The people with real sensibility can tell the difference. The others have been fooled by the creepy romance of monoglot multiculturals: the RGC crowd.
When a culture can no longer distinguish between the real and the false, between a religion and a cult, between good and bad, between prudence and imprudence, it has lost its basic instincts. I think this November will show that America has not yet lost its nose even though Obama temporarily confused it with his zigzags and pepper.
The hounds are closing in on the Democrats.
32 comments:
Bush spoke Spanish?
Kinda. Not really. There were rumors that he would sing the National Anthem in Spanish at some Spanish events, and the defense was that there was no way he could have done so, since his Spanish wasn't good enough. (It was a mini-righty controversy 'round the idea that it was un'merican to sing it in Spanish.)
Anyway, that doesn't really matter - Obama seems inauthentic because of his speech patterns. He talks like a professor, or like someone from Chicago.
The slight Southern drawl that Bush had points to 'stupid but authentic Southerner.'
Lefties glom on to the 'stupid' part, righties glom onto the 'authentic' part.

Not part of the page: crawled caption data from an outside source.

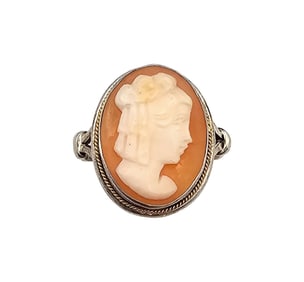 Shell Carved Cameo Sterling Silver Ring Sz 6.25 3 G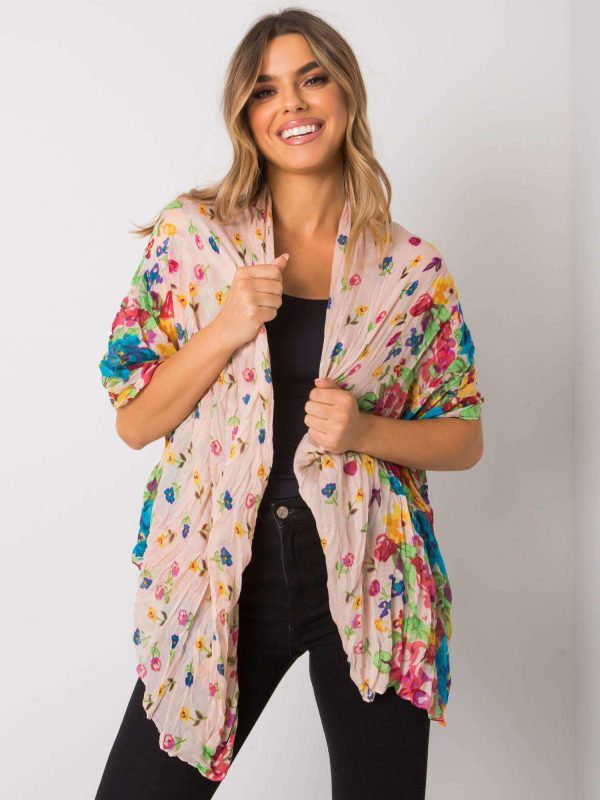 Jasnoróżowa chusta w kwiaty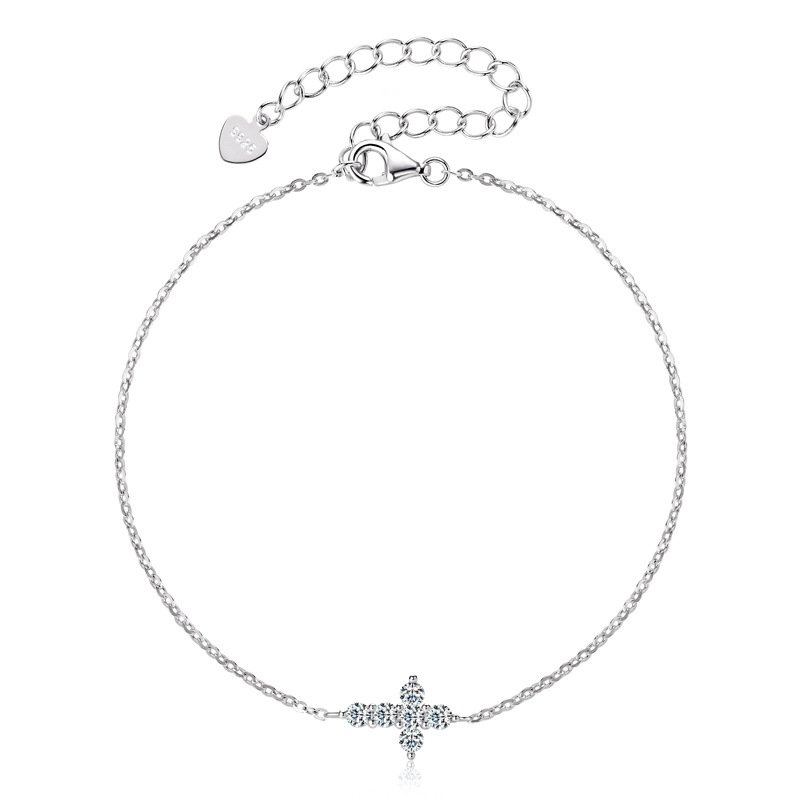 Classic Cross D Color Moissanite Bracelet S925 Sterling Silver Minimalist Sparkling Wrist Band Elegant Faith Symbol Hand Jewelry Trendy Daily Wear
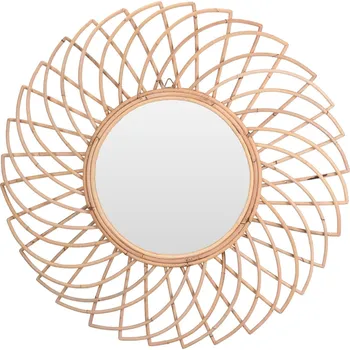 Zrcadlo Kulaté boho zrcadlo Intesi Burgos z ratanu na stěnu do předsíně a obýváku 90 cm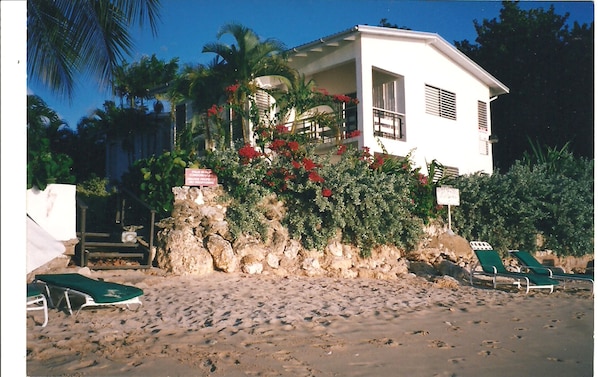 front of condo building showing #1 overlooking the beach and sea  fabulous
 view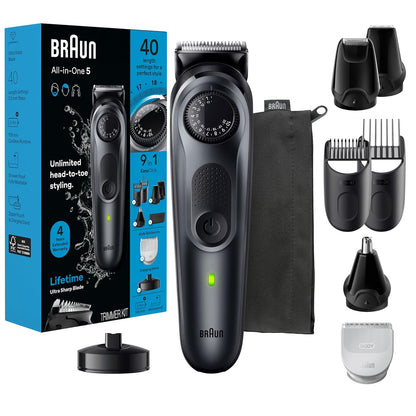 Braun Kit de afeitado todo en uno para hombre Serie 5 5490, 9 en 1 para barba, cara, nariz, orejas, cortadora de pelo, peluquero corporal y cuidado masculino, regalos de vacaciones para hombres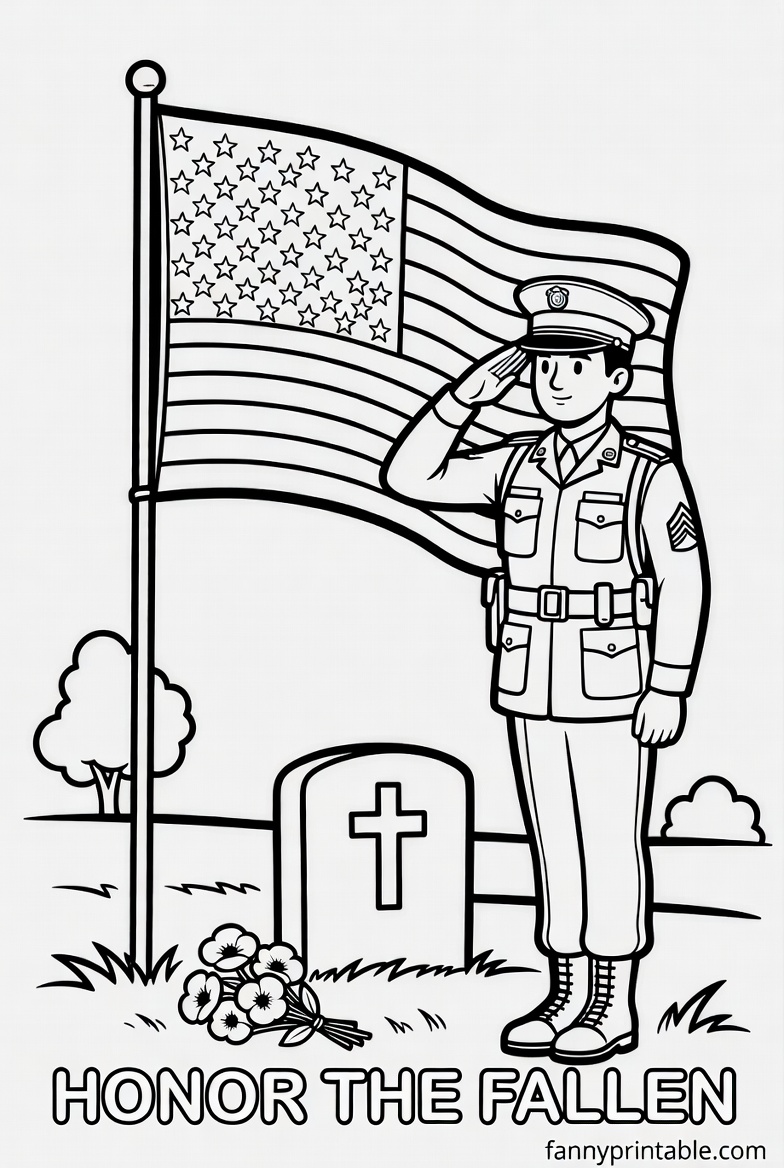 Memorial Day Coloring Pages Free Printable - FannyPrintable.Com (4)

It's all a non-issue, and this framing is just another way for Kirby to say that he has a feeling about something, and then to come up with a very weak argument as to why those feelings mean something.
This happens a lot - I do think the right is better at manipulating feelings.
The right has made people feel like their taxes have been raised, when in fact they've been cut...
It's a pretty powerful approach.
And while it's based more on emotion than declarative statements that could be factual or no, it's pretty close to lyin'.
At the least, it's dishonest.
Whatever or whoever Obama is, he hides it behind a facade.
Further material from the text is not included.